Your objective: Make a verbatim copy of the records; pictures stay out.

Data records:
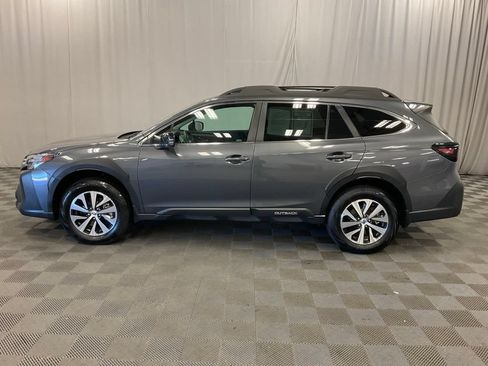 Used 2025 Subaru Outback Premium w/ Popular Package #1A AWD/4WD image 14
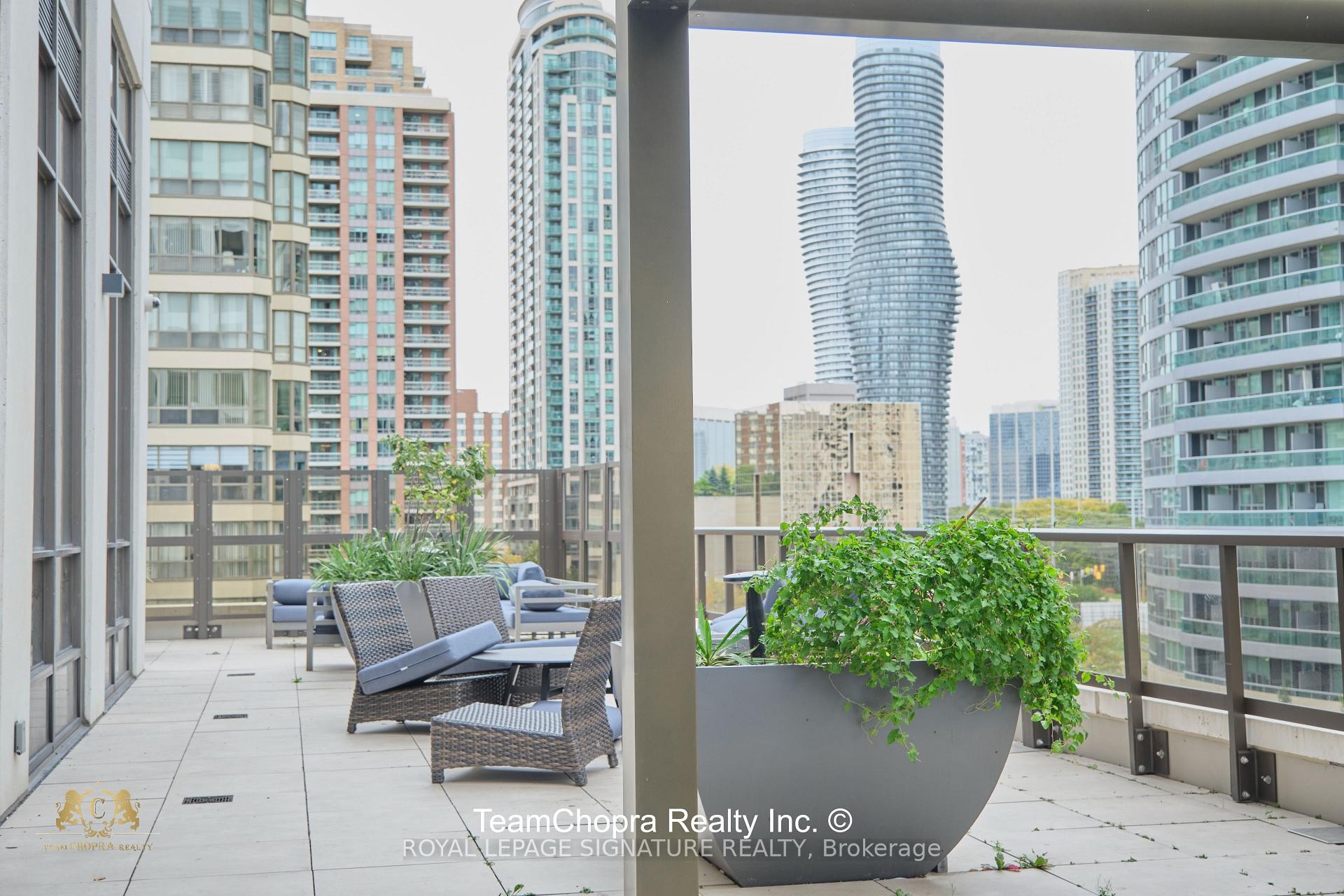 3005-36 Elm Drive E, Mississauga, ON - Outdoor With Facade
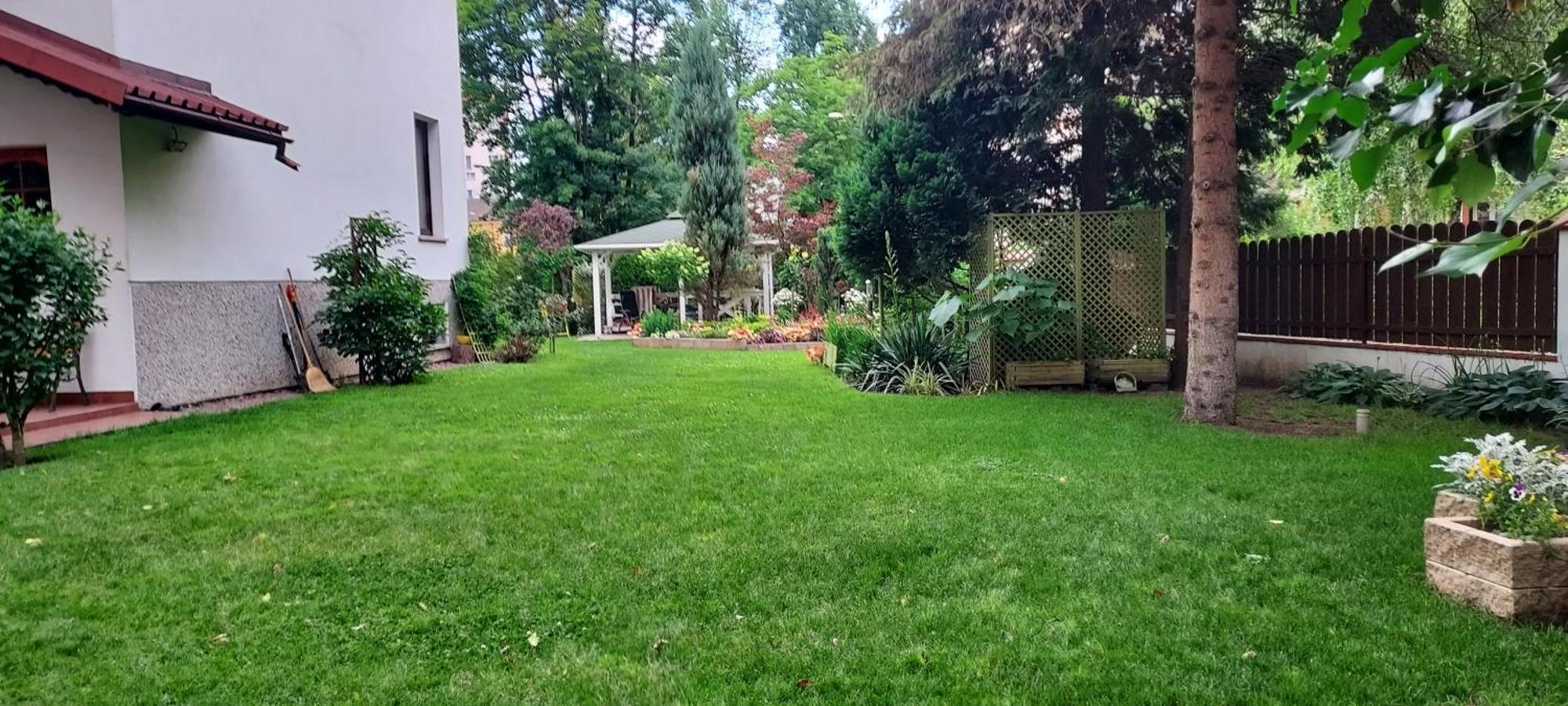 Hidden Gem Garden Apartment *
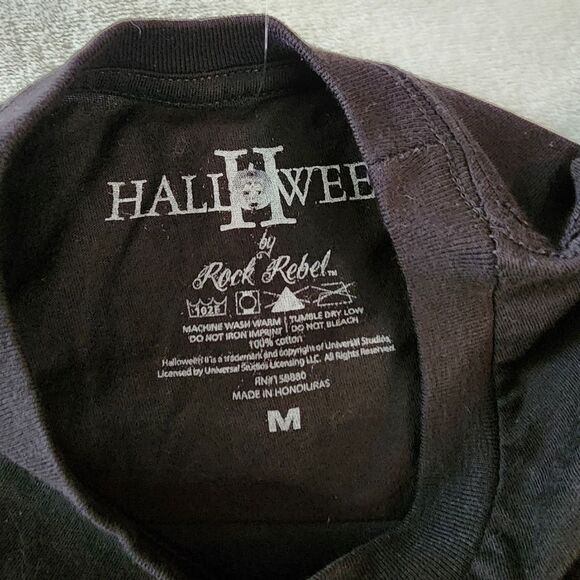 Hot Topic Rock Rebel NWT Halloween 2 Michael Myers Black Tshirt Size Medium - Picture 5 of 7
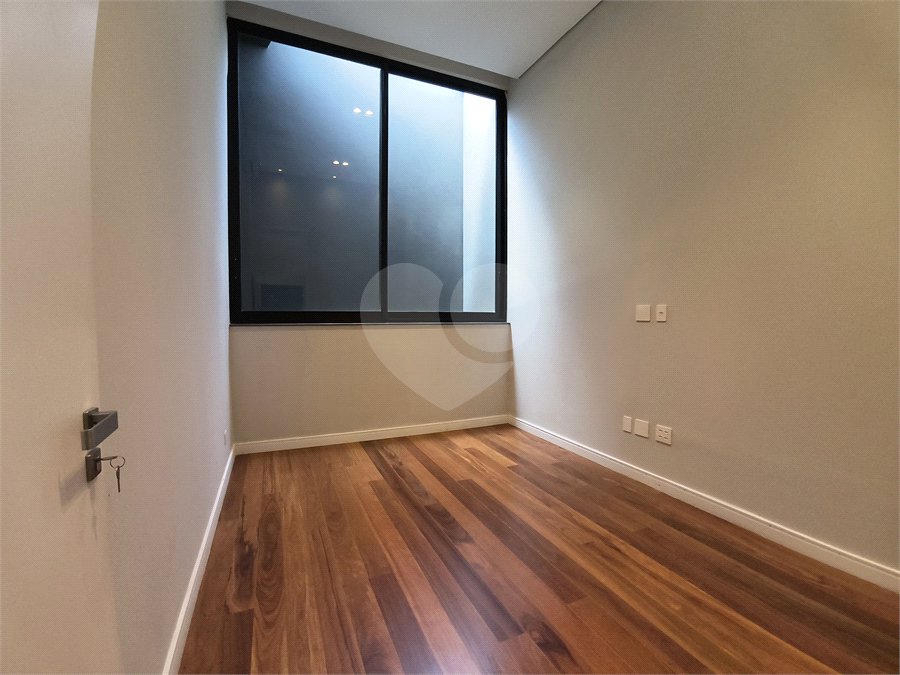 Casa à venda com 4 suítes no condomínio Alphaville Nova Esplanada 1, Votorantim - SP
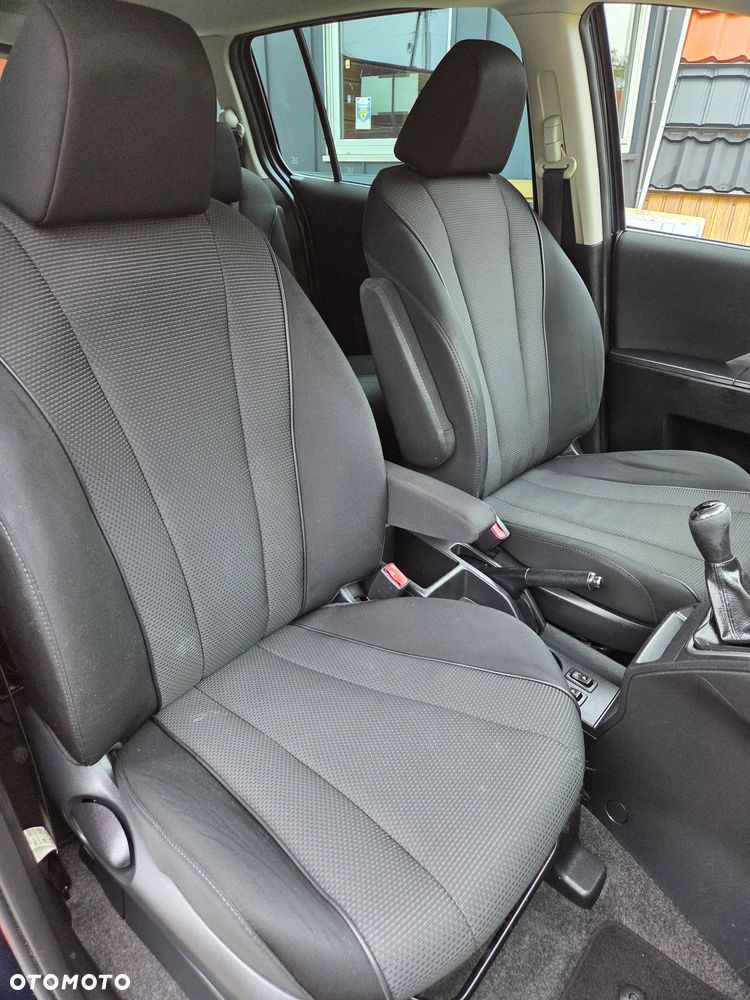 Mazda 5 2.0 MZR-DISI i-stop Sendo - 23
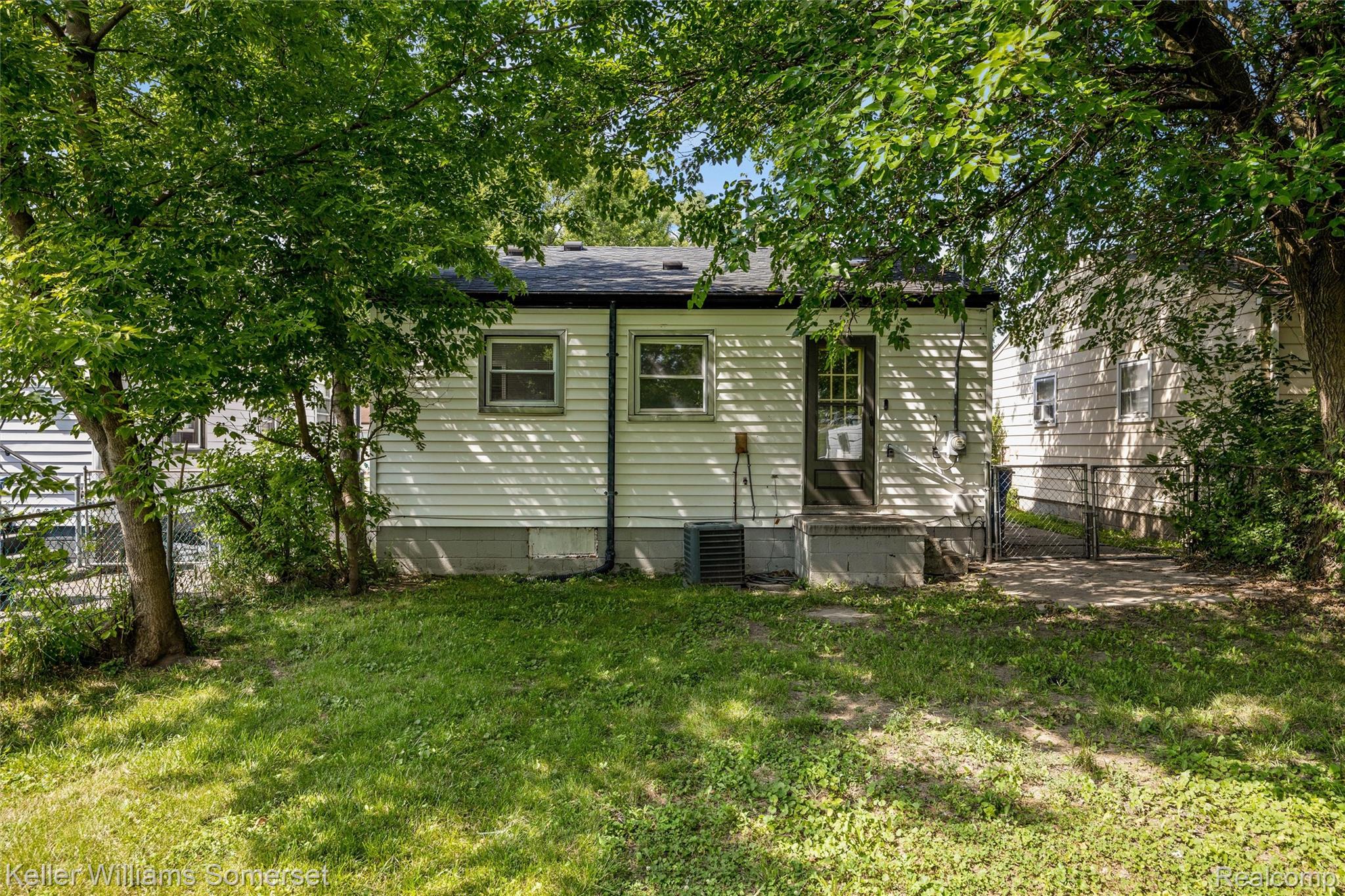 11118 Jewett Avenue Property Photo 7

Exercise solution:
 Used 2025 Subaru Outback Premium w/ Popular Package #1A AWD/4WD image 14
 3005-36 Elm Drive E, Mississauga, ON - Outdoor With Facade
 Hidden Gem Garden Apartment *
 Hot Topic Rock Rebel NWT Halloween 2 Michael Myers Black Tshirt Size Medium - Picture 5 of 7
 Casa à venda com 4 suítes no condomínio Alphaville Nova Esplanada 1, Votorantim - SP
 Mazda 5 2.0 MZR-DISI i-stop Sendo - 23
 11118 Jewett Avenue Property Photo 7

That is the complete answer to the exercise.